I surprise a lot of foreigners with my wealth of knowledge about their country. I always was a geography nut. I have traveled extensively, so I pretty much know _something_ about every major country in the world. I have found, particularly in the last few years, Europeans don't believe I'm American because I seem too knowledgable and open-minded. They have this stereotypical idea that all Americans are close minded, overly religious, ********, who are prude and ignorant about the rest of the world (and unfortunately, there are far too many Americans who are reinforcing that interpretation). 

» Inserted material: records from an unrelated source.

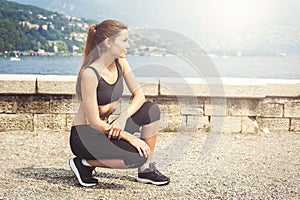 Young attractive woman outdoors near the lake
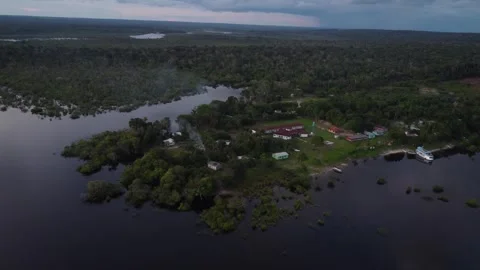 Amazon Rainforest Settlements and Indigenous Communities Seen by Drone Stock Footage 336910354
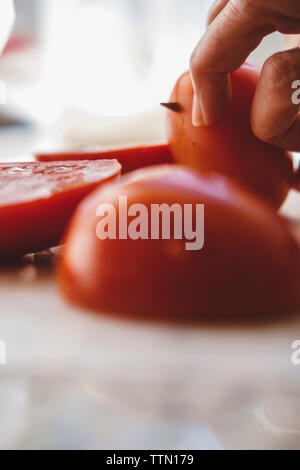 Cropped hands of woman cutting tomatoes on table in kitchen at home Stock Photo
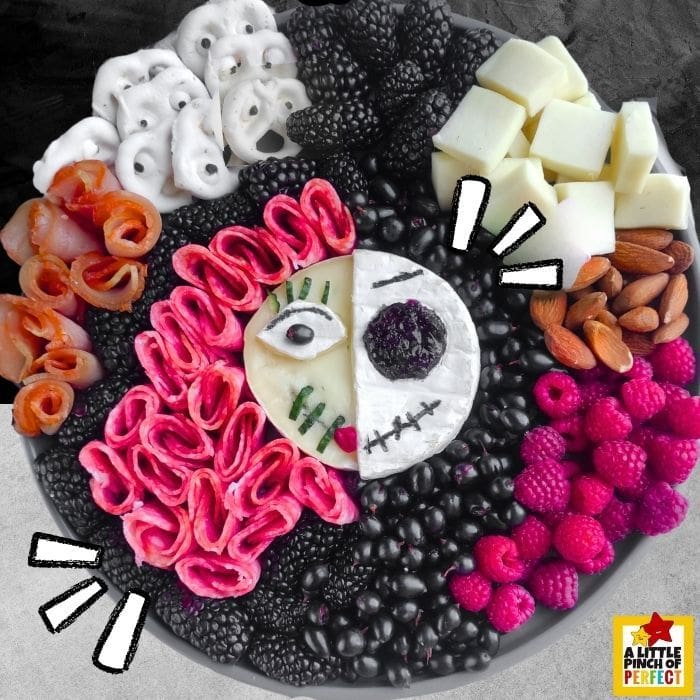 This Jack and Sally Halloween Charcuterie Board is the perfect spooky snacks for your Halloween party or movie night with the family. #halloween #nightmarebeforechristmas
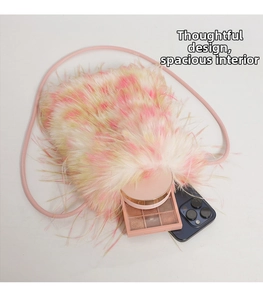 Detail view of the colorful faux fur crossbody bag showing interior storage for makeup and phone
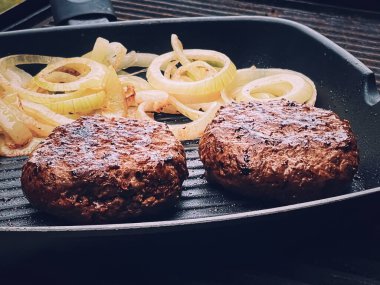 Cooking minced beef burger on cast iron grill skillet outdoors, red meat on frying pan, grilling food in the garden, English countryside living concept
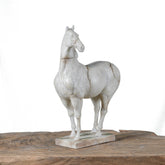 Unique hand-carved war horse sculpture with aged cracks and artisanal detail. A one-of-a-kind art piece that adds elegance and character to any space.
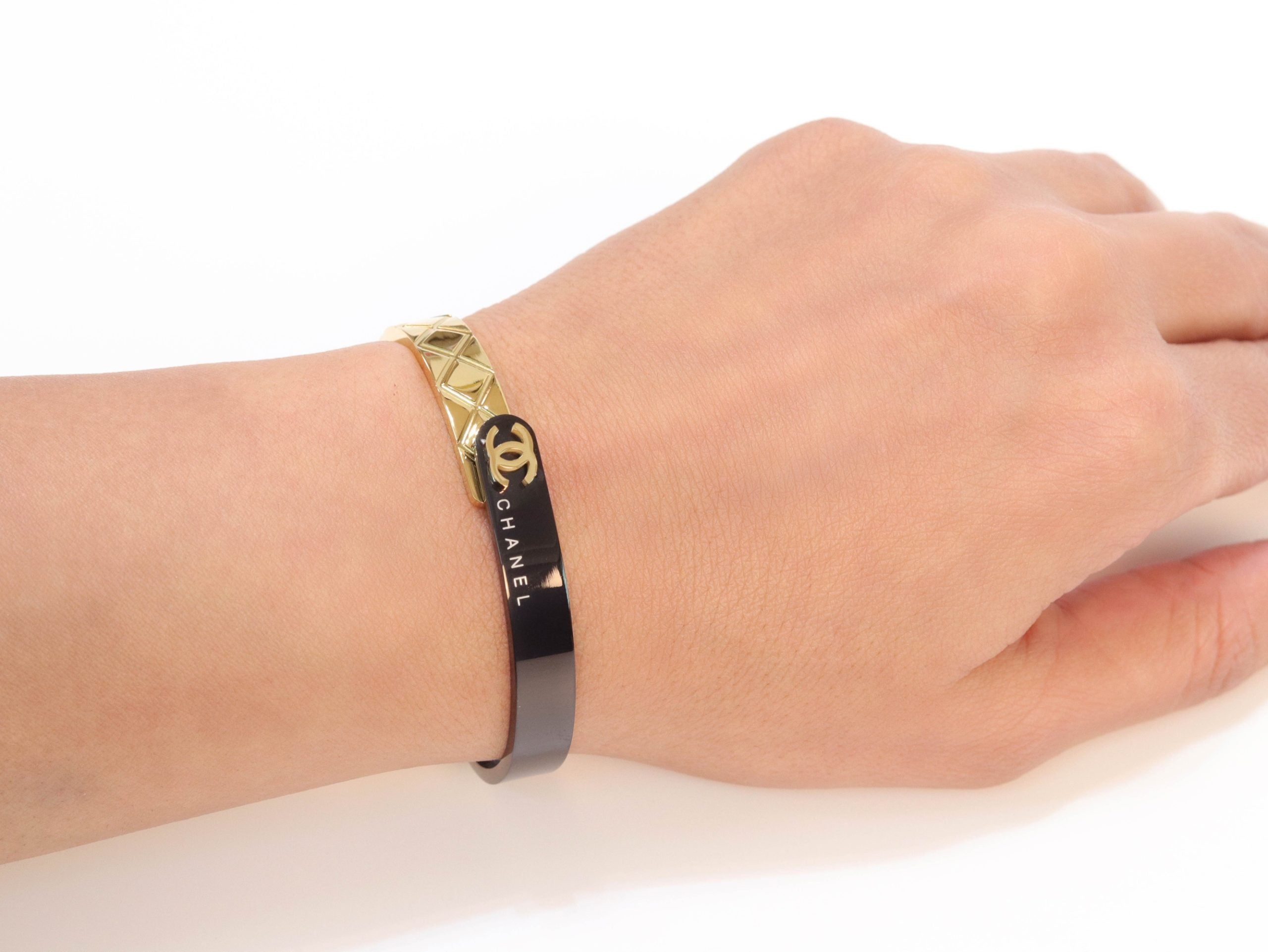 Half n Half gold black cross band style bracelet
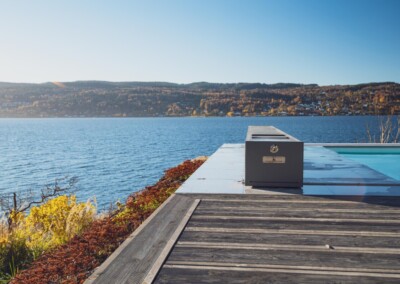 Terrasse en bois avec vue sur un lac bleu, entourée de collines boisées sous un ciel dégagé, avec un objet rectangulaire gris au bord de l'eau.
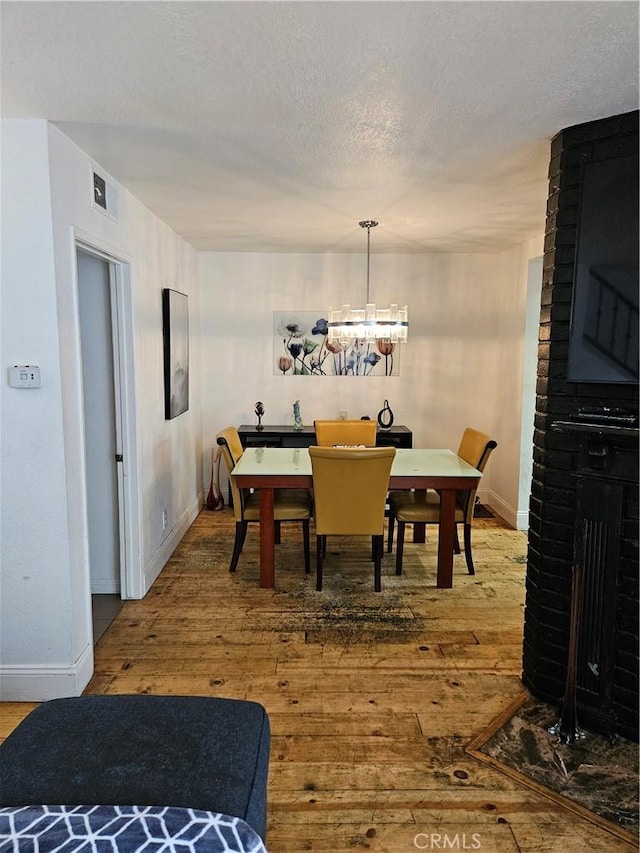 dining area featuring a fireplace, wood-type flooring, and an inviting chandelier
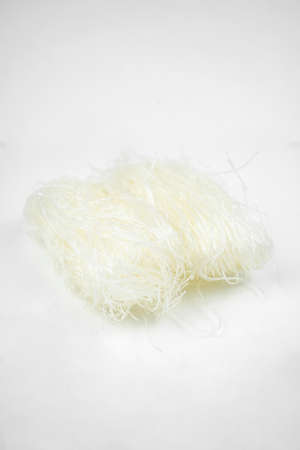 uncooked dry glass noodle, white bean asian vermicelli, rice noodles, isolated on whiteの写真素材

When I show interest in what they know, and where they are from, I notice their surprise. When I can tell them I've tried their native beer, or food, or know a few words of their language, they become enthused. I like being able to shake up their assumptions of Americans.


----------



## perennialurker (Oct 1, 2009)

Hahaha, I've been called Arab, White, Hispanic, Asian, and Eastern European. I wouldn't call it interesting, but nor does it bother me. I'm multiracial so some of those guesses are partially correct.


----------



## Michael Nihil (Sep 21, 2012)

Mind Swirl said:


> I've been mistaken for a foreigner a few times (people have thought I seemed European or Canadian, I guess). I can think of quite a few instances where this happened. The strangest instance was when someone asked if I was Canadian because of my "accent". It doesn't bother me at all, I just think it's funny because I don't know what they're picking up on.
> 
> Has this ever happened to you?


LOL yes. I'm Australian, born and raised here. I'd say my accent is fairly 'Aussie' sounding. Yet one day working in this warehouse one of my co-workers was talking to me about something and our discussion went into nationalities; I asked him where he was from, he said India, then he said I didn't need to tell him where I was from because he already knew by my accent - he said South Africa.


----------



## friendly80sfan (May 12, 2011)

I've had someone ask me if I wasn't origionally from America. I am and I told him that. He said that I sounded like I had a bit of an accent and he thought I was from somewhere in Europe. It made me happy.


----------



## SnowFairy (Nov 21, 2011)

I've tricked strangers into thinking I'm British, Irish, or Scottish on multiple occasions! It's fun. :laughing:


----------



## staticmud (Jun 28, 2012)

I live in the United States of America and sometimes people think I'm from Europe, typically the UK or France. I've also heard Canadian a couple times. 
But usually people think I'm Australian.


----------



## ShadoWolf (Jun 5, 2012)

I don't know why, but people used to think I wasn't American? I'd like to know.


----------



## OldManRivers (Mar 22, 2012)

No, not foriegn -just strange. . . 
With my deep south accent there is never ant doubt where I am from. . .Y'all.


----------



## MyName (Oct 23, 2009)

Only when I'm abroad.


----------



## skycloud86 (Jul 15, 2009)

I'm English living in England and I don't think anyone has ever said that I look foreign What do people think I look like, in terms of nationality/ancestry?


----------



## Adesi (Aug 9, 2011)

I'm of Scottish/English descent living in the U.S.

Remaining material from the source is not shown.